Data records:
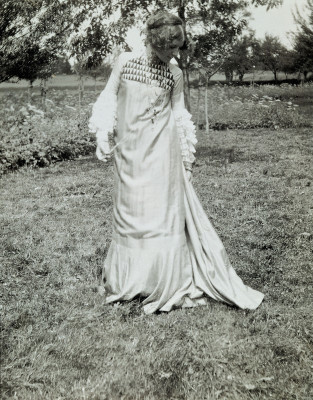 Emilie Flöge in einem von Klimt entworfenen Kleid, © IMAGNO/Austrian Archives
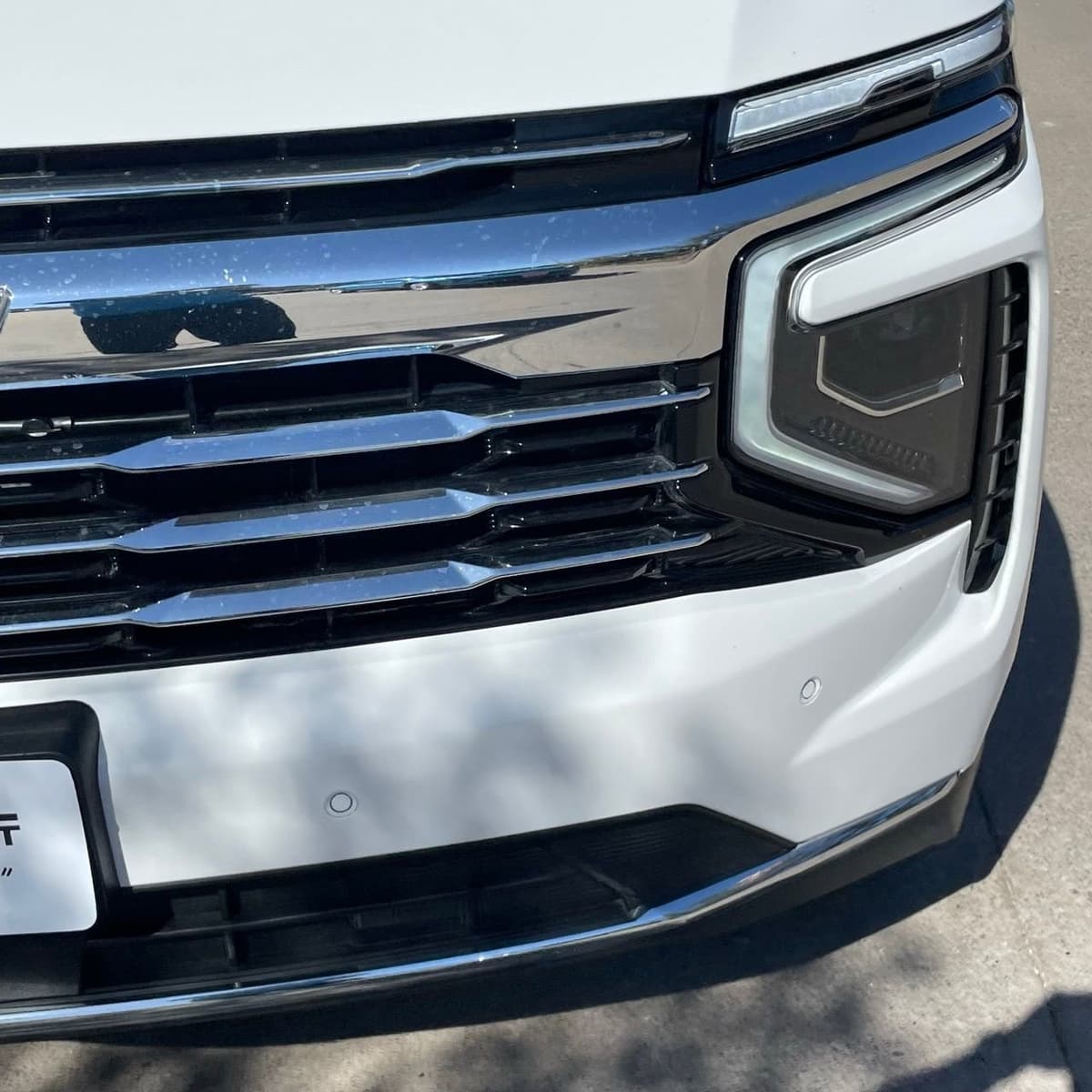 2025 Chevrolet Tahoe - Image 8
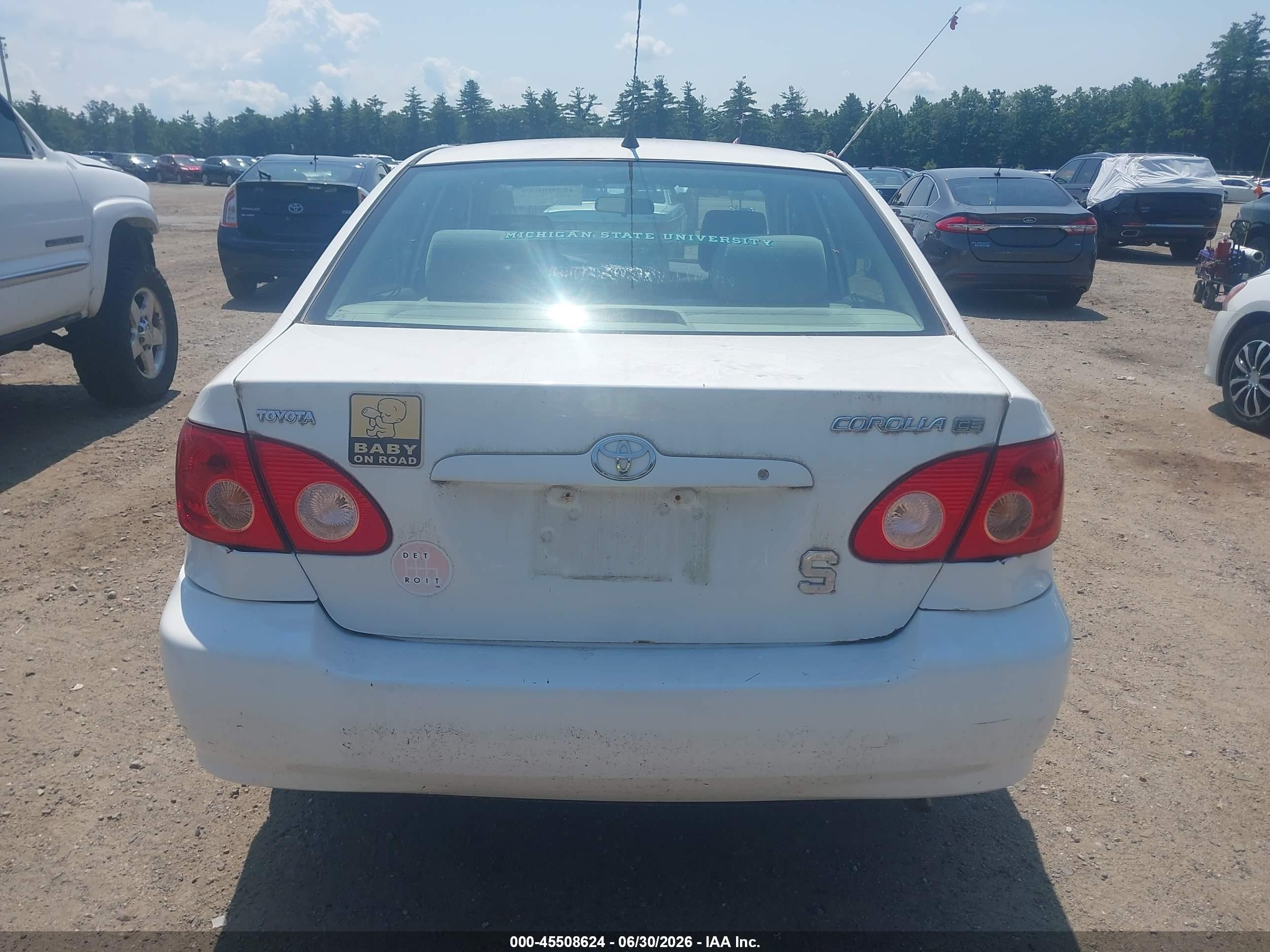 2007 Toyota Corolla Ce White vin: 2T1BR32E77C769992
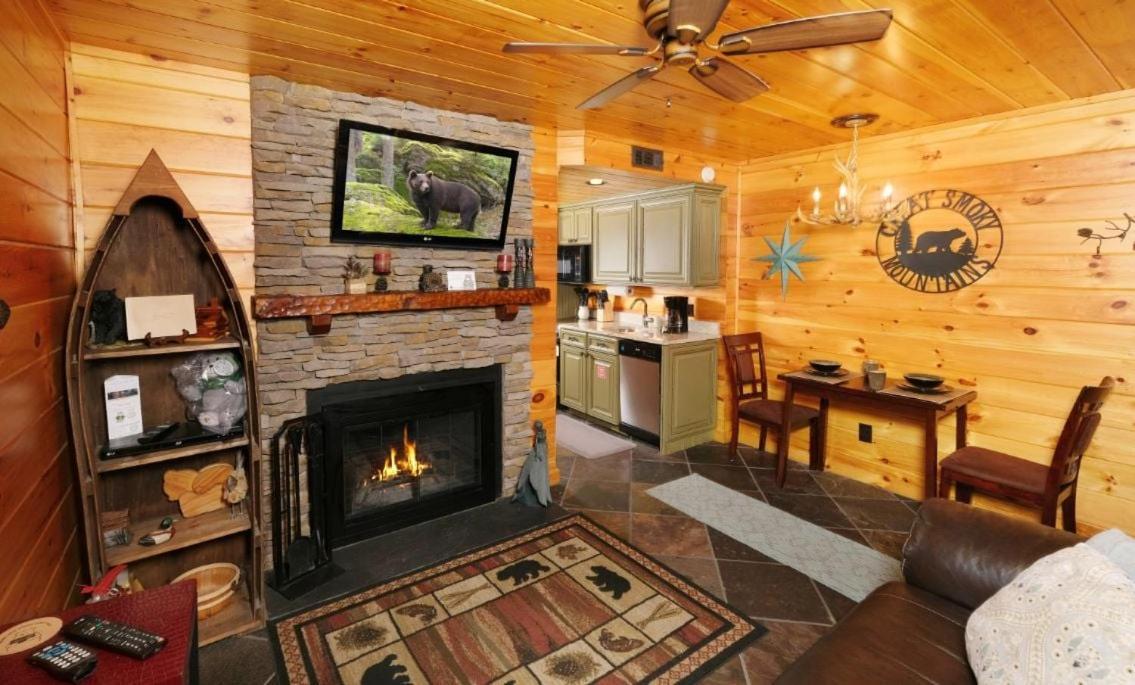 Oak Square 206 Apartment Gatlinburg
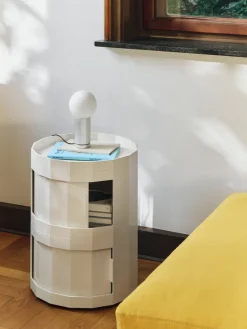 Mesa auxiliar Facet Cabinet 20, Eggshell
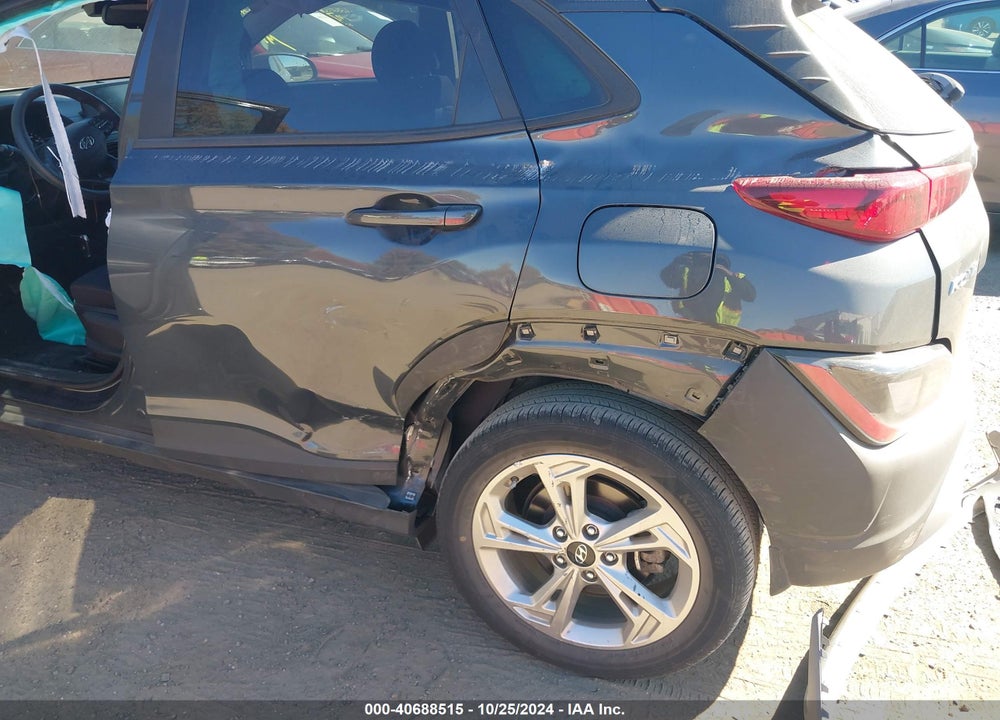 2022 HYUNDAI KONA SEL VIN: KM8K6CAB6NU888435
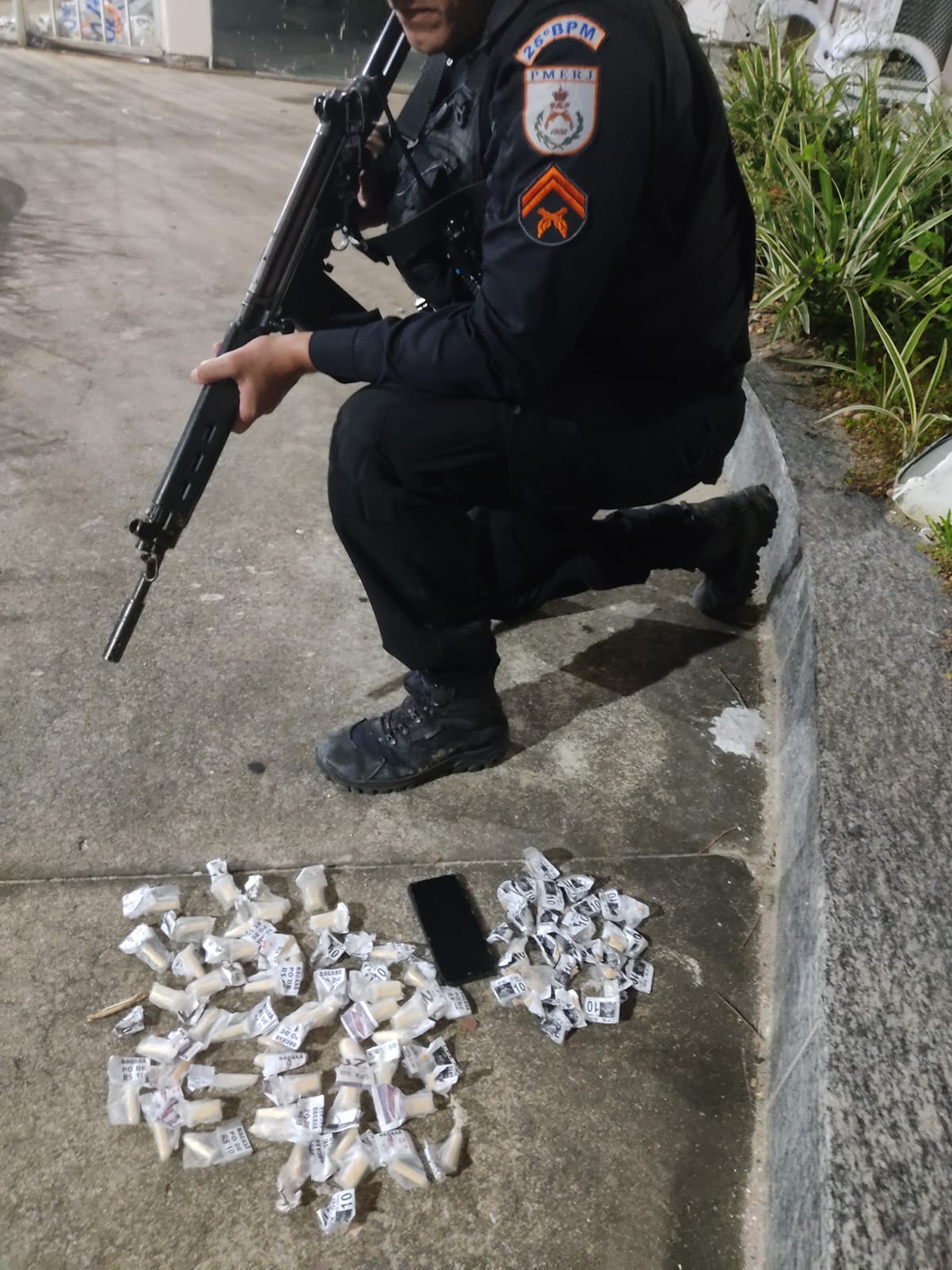 Polícia Militar age rapidamente e prende suspeito com drogas em Saquarema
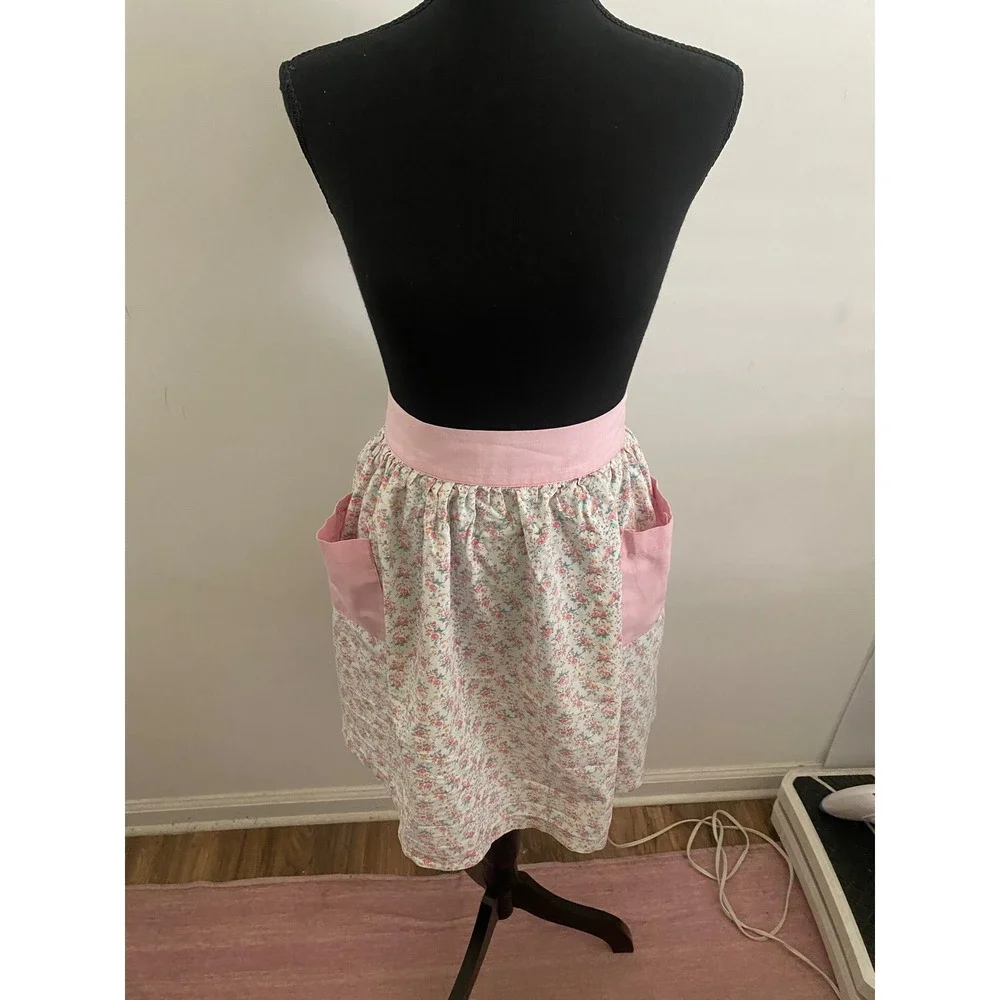 Vintage Floral Half Apron Pink Ditsy Flower Pockets Cottagecore Retro‎ Kitchen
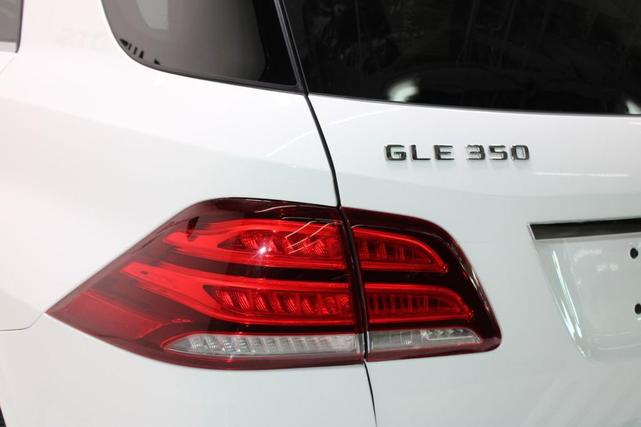 Photo of 2018 Polar White Mercedes-Benz GLE 350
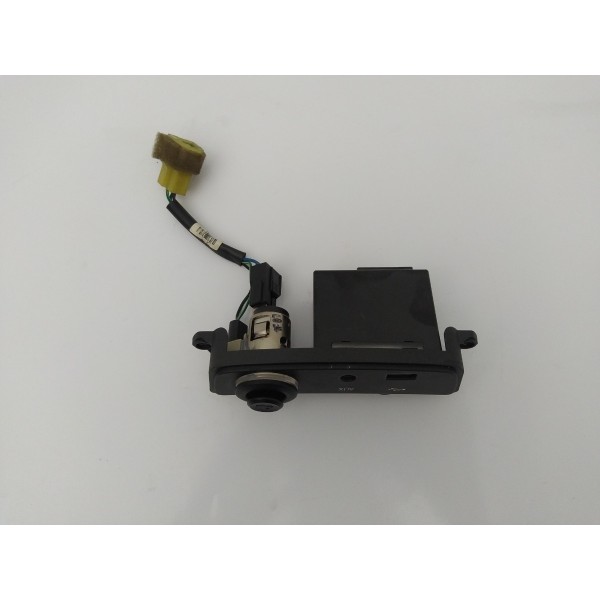 Entrada Usb Aux Acendedor Cigarro Ssangyong Korando 2011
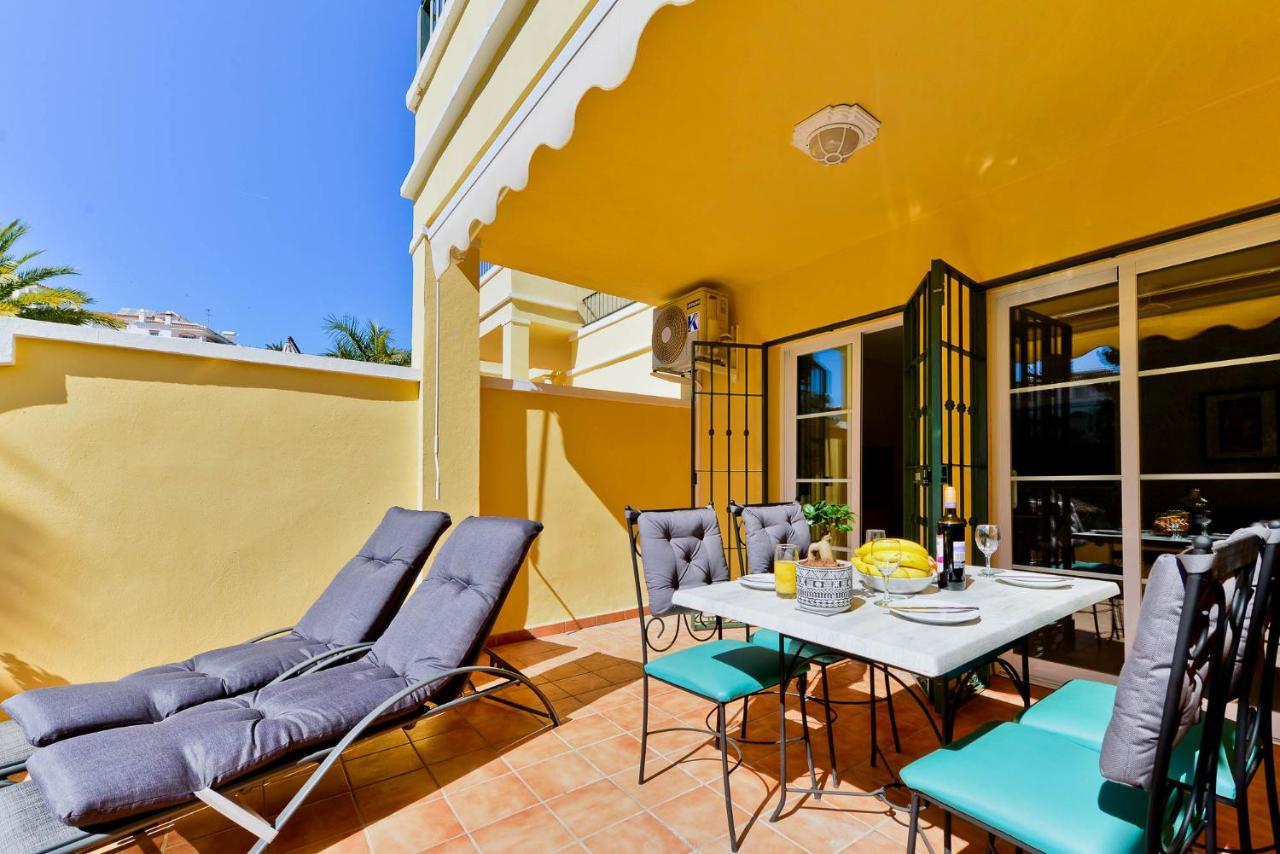 Refurbished 2-Bed Apartment Burriana Beach. Nerja Kültér fotó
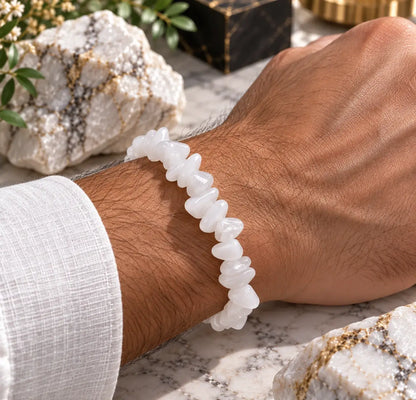 Bracelet marbre blanc en éclats porté au poignet avec une chemise blanche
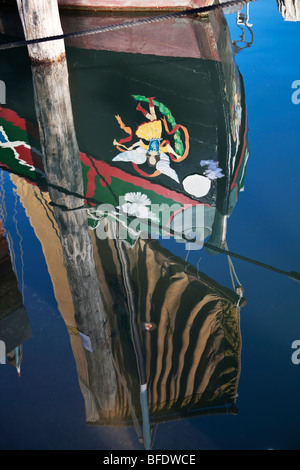 Barca riflesso nell'acqua. Chioggia, Veneto, Italia Foto Stock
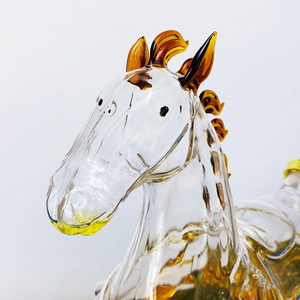 Bouteille à liqueur en verre artisanale en forme de cheval, 1,0 L, design <span class=keywords><strong>zen</strong></span> asiatique, recyclable pour décanteurs à vin - Product Image 4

Instructions to follow:
Return exactly the lines that begin with the one containing "2025 Chevrolet Tahoe - Image 8" and end with the final line of the data above; include no pictures.

Answer for the task:
 2025 Chevrolet Tahoe - Image 8
 2007 Toyota Corolla Ce White vin: 2T1BR32E77C769992
 Oak Square 206 Apartment Gatlinburg
 Mesa auxiliar Facet Cabinet 20, Eggshell
 2022 HYUNDAI KONA SEL VIN: KM8K6CAB6NU888435
 Polícia Militar age rapidamente e prende suspeito com drogas em Saquarema
 Vintage Floral Half Apron Pink Ditsy Flower Pockets Cottagecore Retro‎ Kitchen
 Photo of 2018 Polar White Mercedes-Benz GLE 350
 Entrada Usb Aux Acendedor Cigarro Ssangyong Korando 2011
 Refurbished 2-Bed Apartment Burriana Beach. Nerja Kültér fotó
 Bracelet marbre blanc en éclats porté au poignet avec une chemise blanche
 Barca riflesso nell'acqua. Chioggia, Veneto, Italia Foto Stock
 Bouteille à liqueur en verre artisanale en forme de cheval, 1,0 L, design <span class=keywords><strong>zen</strong></span> asiatique, recyclable pour décanteurs à vin - Product Image 4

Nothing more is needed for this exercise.